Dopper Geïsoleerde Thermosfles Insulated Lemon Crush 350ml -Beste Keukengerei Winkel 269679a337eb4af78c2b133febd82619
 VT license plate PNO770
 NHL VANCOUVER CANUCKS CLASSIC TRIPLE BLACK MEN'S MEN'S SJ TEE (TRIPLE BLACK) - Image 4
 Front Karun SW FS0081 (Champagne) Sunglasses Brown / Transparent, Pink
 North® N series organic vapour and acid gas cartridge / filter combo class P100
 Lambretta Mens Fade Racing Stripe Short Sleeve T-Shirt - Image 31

_ _ _ _ _ _ _

- What is expected: Set down the records again in full. Match them exactly.

- Reply:
Dopper Geïsoleerde Thermosfles Insulated Lemon Crush 350ml -Beste Keukengerei Winkel 269679a337eb4af78c2b133febd82619
 VT license plate PNO770
 NHL VANCOUVER CANUCKS CLASSIC TRIPLE BLACK MEN'S MEN'S SJ TEE (TRIPLE BLACK) - Image 4
 Front Karun SW FS0081 (Champagne) Sunglasses Brown / Transparent, Pink
 North® N series organic vapour and acid gas cartridge / filter combo class P100
 Lambretta Mens Fade Racing Stripe Short Sleeve T-Shirt - Image 31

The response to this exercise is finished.